Kijk, daar denk je natuurlijk niet over na als je vanuit een warm land een terugticket boekt. Dan zeg je: 'Hé, deze vlucht is lekker goedkoop en gaat via New York! Nog nooit geweest, jij? Ik ook niet. Kunnen we daar nog een paar dagen zijn. Gewoon lachen!' Dat die paar dagen in februari plaatsvinden, wanneer de gemiddelde temperatuur in New York tot onder de min vijf graden is gezakt, dat besef je dan natuurlijk nog niet. Dat je geen winterkleren, mutsen, handschoenen of zelfs maar een jas bij je hebt, daar sta je al helemaal niet bij stil. Maar reizen is improviseren, zoveel hadden we inmiddels wel geleerd. En dus trokken we gewoon alles over elkaar aan wat we in onze backpack hadden zitten. Deden sokken over onze oren en handen en plastic zakjes om onze voeten. En trotseerden de barre New Yorkse kou met een grote glimlach op ons gezicht.

Want of het nou lag aan de schoonheid van de besneeuwde wereldstad.

Of aan het gezelschap van onze Schotse vriend Ruaridh, die we hier weer mochten ontmoeten.

Of misschien lag het wel aan het idee dat dit de laatste dagen waren voor ons 'echte leven' in Nederland weer zou beginnen. Of aan alles tegelijk. Hoe het ook zij: we vonden het allemaal even fantastisch. Van ons fijne Airbnbtje in Brooklyn, waar we bij vriendelijke kunstenaars logeerden (en voor het eerst weer de goddelijke smaak van geroosterd bruin brood met echt goede pindakaas proefden) tot de wandelingen door de New Yorkse straten.

Van de wolkenkrabbers

Tot de Brooklyn Bridge.

Van de 'marble brownie' van Grey Dog Café

Tot de befaamde noodles van Momofuku

Van jazz luisteren in The Village en Matilda op Broadway

Tot squirrels vangen in besneeuwd Central Park

Het had van ons allemaal nog wel dagen mogen duren.

Maar misschien is dat de magie van 'weten dat iets bijna afgelopen is: het maakt dat je de laatste momenten extra intens wil beleven.
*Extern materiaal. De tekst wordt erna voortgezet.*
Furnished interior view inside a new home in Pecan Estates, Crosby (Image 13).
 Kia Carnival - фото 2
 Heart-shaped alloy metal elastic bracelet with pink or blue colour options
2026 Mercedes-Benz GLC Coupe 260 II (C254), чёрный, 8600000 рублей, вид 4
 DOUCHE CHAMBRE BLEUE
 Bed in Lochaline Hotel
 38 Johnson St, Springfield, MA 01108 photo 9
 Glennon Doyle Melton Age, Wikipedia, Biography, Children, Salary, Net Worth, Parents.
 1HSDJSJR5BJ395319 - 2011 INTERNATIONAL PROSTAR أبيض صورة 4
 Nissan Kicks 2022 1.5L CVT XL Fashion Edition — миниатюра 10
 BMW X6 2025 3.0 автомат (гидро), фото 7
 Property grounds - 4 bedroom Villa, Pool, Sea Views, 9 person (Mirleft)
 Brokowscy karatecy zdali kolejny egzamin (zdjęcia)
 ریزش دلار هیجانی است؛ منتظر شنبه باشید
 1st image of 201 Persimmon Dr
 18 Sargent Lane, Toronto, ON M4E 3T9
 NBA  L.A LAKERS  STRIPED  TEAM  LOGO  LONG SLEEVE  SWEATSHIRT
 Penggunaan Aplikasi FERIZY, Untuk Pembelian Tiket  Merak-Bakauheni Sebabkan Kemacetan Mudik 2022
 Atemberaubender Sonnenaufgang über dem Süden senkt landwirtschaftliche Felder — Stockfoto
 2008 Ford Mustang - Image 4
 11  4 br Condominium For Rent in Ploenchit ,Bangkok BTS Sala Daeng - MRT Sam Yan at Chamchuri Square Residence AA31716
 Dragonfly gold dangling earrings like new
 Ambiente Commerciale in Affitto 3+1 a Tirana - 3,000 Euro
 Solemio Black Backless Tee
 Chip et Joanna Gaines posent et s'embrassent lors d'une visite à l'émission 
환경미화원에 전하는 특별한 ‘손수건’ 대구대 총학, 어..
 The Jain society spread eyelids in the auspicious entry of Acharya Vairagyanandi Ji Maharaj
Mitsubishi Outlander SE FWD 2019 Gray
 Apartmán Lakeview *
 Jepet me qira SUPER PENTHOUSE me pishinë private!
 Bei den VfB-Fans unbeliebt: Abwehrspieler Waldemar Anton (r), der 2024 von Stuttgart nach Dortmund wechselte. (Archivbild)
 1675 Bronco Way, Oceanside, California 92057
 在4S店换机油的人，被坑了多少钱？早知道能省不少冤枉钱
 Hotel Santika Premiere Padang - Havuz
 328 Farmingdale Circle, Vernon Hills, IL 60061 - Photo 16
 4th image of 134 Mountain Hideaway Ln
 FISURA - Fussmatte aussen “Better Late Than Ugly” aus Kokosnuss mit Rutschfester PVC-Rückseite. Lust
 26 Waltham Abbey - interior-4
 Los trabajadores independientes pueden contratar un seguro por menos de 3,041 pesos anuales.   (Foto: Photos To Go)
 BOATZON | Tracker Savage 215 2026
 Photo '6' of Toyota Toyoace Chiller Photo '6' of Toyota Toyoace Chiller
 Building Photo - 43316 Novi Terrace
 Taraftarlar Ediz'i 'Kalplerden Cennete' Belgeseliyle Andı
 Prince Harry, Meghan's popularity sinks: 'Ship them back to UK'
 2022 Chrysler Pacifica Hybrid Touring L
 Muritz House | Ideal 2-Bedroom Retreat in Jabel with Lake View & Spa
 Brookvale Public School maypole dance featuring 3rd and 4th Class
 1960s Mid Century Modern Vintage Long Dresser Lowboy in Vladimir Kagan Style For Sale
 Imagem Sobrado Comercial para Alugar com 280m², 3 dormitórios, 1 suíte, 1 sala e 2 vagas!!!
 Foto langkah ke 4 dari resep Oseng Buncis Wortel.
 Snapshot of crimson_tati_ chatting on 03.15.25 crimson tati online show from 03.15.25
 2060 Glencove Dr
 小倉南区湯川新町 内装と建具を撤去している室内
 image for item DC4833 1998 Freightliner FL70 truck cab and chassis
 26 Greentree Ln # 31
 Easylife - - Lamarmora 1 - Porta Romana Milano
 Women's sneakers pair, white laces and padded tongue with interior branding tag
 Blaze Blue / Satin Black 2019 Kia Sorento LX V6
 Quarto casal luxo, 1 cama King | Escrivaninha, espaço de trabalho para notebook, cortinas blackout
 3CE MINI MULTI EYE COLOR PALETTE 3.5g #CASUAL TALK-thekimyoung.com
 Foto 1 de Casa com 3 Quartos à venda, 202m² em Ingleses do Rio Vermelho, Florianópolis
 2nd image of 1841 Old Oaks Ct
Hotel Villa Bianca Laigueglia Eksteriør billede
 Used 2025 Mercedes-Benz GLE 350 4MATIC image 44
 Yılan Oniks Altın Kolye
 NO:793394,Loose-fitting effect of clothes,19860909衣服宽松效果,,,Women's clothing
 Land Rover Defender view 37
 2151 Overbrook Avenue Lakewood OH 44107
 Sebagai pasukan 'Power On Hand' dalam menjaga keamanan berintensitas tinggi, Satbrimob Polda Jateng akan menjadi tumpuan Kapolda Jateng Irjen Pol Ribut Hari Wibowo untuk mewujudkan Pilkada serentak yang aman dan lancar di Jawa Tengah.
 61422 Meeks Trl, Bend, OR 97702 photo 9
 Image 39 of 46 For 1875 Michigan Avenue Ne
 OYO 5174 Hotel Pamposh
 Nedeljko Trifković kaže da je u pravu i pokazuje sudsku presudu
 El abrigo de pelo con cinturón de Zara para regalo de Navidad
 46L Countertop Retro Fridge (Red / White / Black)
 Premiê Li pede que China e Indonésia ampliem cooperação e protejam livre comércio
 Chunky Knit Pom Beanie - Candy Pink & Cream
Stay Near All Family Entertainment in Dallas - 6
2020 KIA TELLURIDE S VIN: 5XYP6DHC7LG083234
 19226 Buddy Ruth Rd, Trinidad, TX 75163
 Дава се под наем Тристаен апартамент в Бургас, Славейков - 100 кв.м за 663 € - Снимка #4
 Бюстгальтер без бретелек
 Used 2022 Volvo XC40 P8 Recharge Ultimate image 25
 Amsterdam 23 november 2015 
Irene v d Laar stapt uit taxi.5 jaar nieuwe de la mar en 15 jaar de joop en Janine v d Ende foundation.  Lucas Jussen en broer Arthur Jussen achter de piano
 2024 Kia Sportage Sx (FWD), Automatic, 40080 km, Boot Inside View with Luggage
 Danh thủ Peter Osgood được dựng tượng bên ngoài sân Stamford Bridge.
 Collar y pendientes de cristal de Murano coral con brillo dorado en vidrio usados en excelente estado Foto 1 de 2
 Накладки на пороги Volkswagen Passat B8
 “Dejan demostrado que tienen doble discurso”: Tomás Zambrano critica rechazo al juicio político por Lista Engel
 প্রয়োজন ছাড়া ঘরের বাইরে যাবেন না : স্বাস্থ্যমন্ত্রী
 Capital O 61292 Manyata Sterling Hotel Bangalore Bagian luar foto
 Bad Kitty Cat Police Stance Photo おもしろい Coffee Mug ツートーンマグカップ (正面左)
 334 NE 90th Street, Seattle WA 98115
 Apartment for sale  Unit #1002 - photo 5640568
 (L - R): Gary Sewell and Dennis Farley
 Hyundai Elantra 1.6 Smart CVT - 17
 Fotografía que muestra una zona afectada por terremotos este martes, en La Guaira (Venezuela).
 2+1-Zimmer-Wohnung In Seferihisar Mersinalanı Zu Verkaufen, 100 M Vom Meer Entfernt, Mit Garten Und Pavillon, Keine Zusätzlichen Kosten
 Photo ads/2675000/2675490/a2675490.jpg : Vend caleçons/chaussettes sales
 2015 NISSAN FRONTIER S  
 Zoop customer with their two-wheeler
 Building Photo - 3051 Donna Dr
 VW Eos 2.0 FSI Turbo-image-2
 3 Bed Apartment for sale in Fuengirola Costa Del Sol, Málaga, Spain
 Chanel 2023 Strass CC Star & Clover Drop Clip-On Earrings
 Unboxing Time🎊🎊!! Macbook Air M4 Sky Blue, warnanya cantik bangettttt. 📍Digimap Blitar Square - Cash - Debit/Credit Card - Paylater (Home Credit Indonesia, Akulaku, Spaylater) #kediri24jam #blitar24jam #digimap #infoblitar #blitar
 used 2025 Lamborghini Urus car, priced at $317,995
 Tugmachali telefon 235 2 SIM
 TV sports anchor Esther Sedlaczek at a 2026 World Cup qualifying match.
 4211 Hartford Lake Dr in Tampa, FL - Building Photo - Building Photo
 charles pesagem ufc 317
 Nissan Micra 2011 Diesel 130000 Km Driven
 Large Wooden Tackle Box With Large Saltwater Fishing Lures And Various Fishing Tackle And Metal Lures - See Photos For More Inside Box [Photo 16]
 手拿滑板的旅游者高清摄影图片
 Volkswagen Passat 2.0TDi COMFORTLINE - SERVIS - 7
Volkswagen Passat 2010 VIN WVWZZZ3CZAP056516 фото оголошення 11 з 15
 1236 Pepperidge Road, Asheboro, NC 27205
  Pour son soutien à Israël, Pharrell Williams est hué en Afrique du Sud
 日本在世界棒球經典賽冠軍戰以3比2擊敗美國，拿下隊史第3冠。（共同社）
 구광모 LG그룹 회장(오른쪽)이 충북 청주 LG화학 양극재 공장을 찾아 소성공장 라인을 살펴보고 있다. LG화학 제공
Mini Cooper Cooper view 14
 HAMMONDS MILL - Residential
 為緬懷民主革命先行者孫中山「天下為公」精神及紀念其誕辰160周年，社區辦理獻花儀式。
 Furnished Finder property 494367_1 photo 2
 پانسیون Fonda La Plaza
Dat je elke seconde, elke ervaring in je op wilt nemen, vast wilt houden en voor altijd in je geheugen op wilt slaan. Van dit moment op die ferry in New York tot de nacht van het lamsbeen in Beijing. Het kampvuur bij de rivier in Mongolië. De tipi's. De rendieren. De ijsjes van zure paardenmelk. De weeïge geur van zuivel en vlees . De zandduinen van de Gobi-woestijn. De oplichters in Yangon. Ontbijten met Mohinga. De beenroeiers van Inle Lake. De zonsopgang in Bagan. De Dengue van Dop. Al die panfluitjes. Al die avocado's. Al die kleffe zoete broodjes. De eindeloze busritten. De wandeltocht naar Machu Picchu. De Megaburgers in Bogotá. De koffie in Salento. De nachten, de lange nachten in Cali. Al die vreemden, al die vrienden. De rum en de salsa. De betovering van Punta Gallinas.

Al die beelden. Al die geuren. Al die geluiden. We willen ze niet loslaten, zijn bang om ze kwijt te raken. Maar hoe harder je je best doet, hoe meer je tot het besef komt dat iets 'extra beleven' en 'extra onthouden' niet bestaat. Het enige wat we kunnen doen, is de ervaring nemen zoals die was. Dankbaar zijn voor alles wat we samen hebben mogen beleven. Beseffen dat de ervaring van reizen nog waardevoller is als je een thuis hebt om naar terug te keren.

Af en toe samen stilstaan. Terugdenken. En erop vertrouwen dat je de dingen die je werkelijk geraakt hebben met je meedraagt.

Voor altijd.

Bedankt dat jullie met ons mee hebben gereisd!